On Wednesday, May 11, 2016, the National Weather

On Wednesday, May 11, 2016, the National Weather Service switched the format of its forecast reports from all caps to upper- and lowercase. This version generated by the National Weather Service's facility at Brookhaven National Lab in Upton shows the new version. Photo Credit: Newsday / John Paraskevas

It’s a BIG DAY at the National Weather Service’s Upton office. Oops, make that just a big day.

On Wednesday morning, with the written regional weather summary issued at 9:32 a.m., lowercase letters got added in with text that previously would have been ALL CAPS. That goes, too, for the area’s forecast discussion, issued at 9:49 a.m.

That means that “HIGH PRESSURE WILL GIVE WAY TO A COLD FRONT ON FRIDAY” actually gave way to “High pressure will give way to a cold front on Friday.”

The switch-over has been some time in the making, and primarily involved behind-the-scenes updating of code and formatting elements, said Peter Wichrowski, a meteorologist in the Upton office.

The mixed-text rollout also includes public information statements, and other products, such as severe weather warnings, will transition down the road.

Actually, this may be less of a big day for forecasters and more so for those on the receiving end of their text products.

In an April news release announcing the change, the National Oceanic and Atmospheric Administration — of which the weather service is a part — gave a nod to the modern interpretation of all caps type. “LISTEN UP,” the release started. “NATIONAL WEATHER SERVICE FORECASTS WILL STOP YELLING AT YOU.”

This, of course, was acknowledging that in today’s “web speak, use of capital letters became synonymous with angry shouting.”

Still, hot-under-the-collar rants played no role in the persistence of all caps. In earlier days of transmitting weather dispatches, the state-of-the art technology was the teleprinter, which had no option for lowercase letters.

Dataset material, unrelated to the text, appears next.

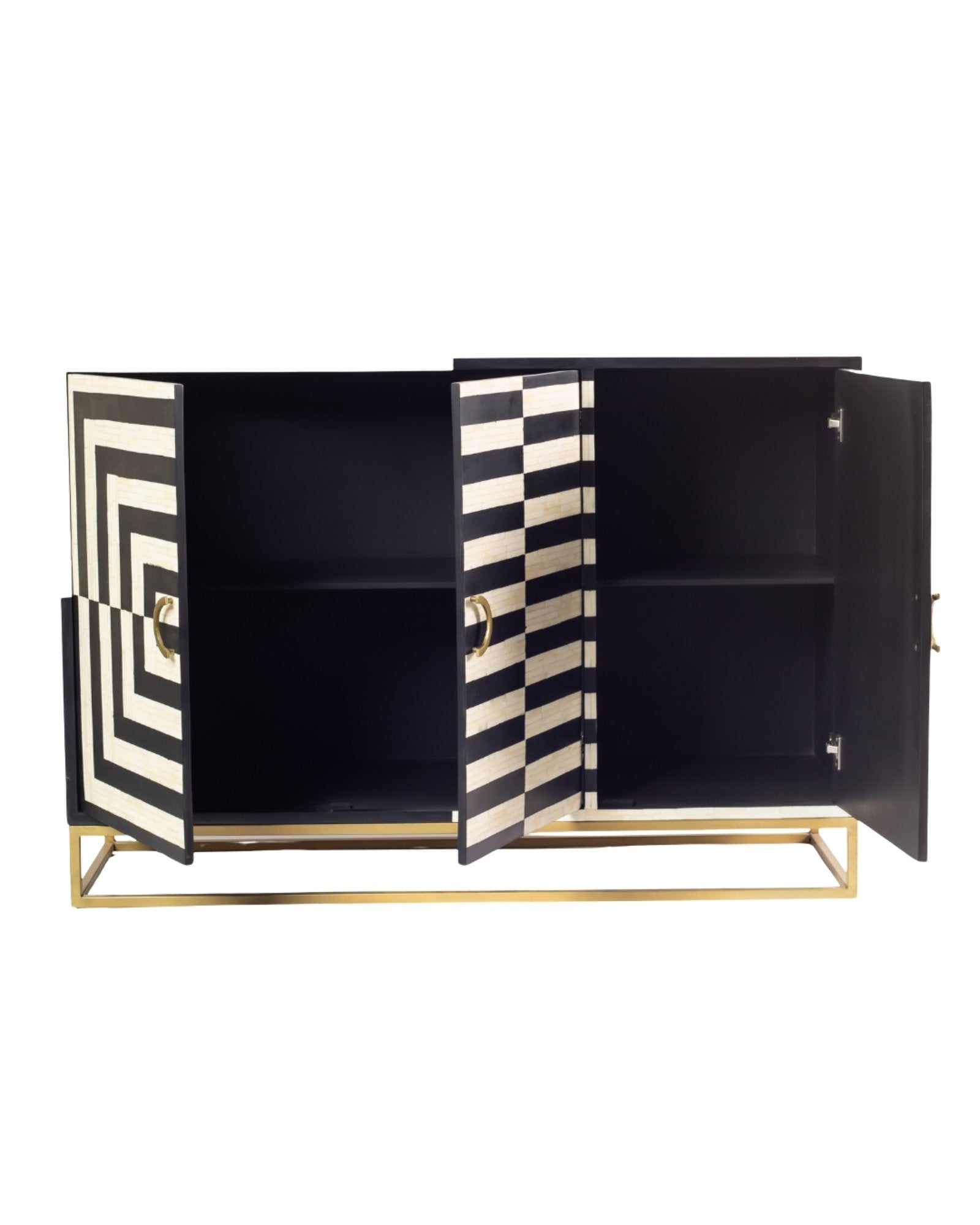 Zuri Cabinet - Black & White Bone Inlay - Tabeer Homes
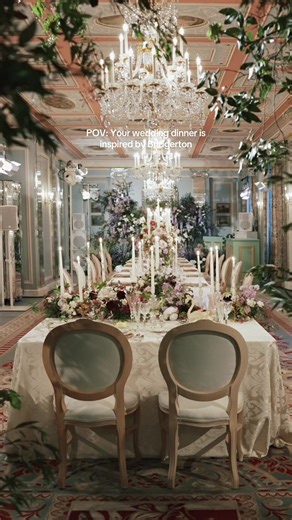 Regency-era elegance, a bespoke swan ice sculpture featuring the couple’s monogram, delicate stationary and lavish florals, inspired by the opulent ballrooms in the show ✨ #bridgerton #tablescape #weddingdinner #luxuryweddingplanner #luxuryeventplanner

Certainly, “the hardware and software used for weather forecasting has advanced over the last century,” the release said, and, indeed, not so long ago NOAA upgraded its supercomputer capacity to 5.78 petaflops.

But, the all caps “holdover was carried into modern times since some customers [of weather service products] still used old equipment,” the release said.

Several times since the 1990s, as advances such as the Internet and email left Teletypes in the dust, the service has proposed the move to mixed-case letters, NOAA said.

It may have taken 20 years or so, but finally “the last of the old equipment that would only recognize” uppercase letters has been phased out.

Still, while the role of the figurative caps-lock may be diminishing, it’s not losing its job completely, as the all caps option can still be used for emphasizing “extremely dangerous situations.”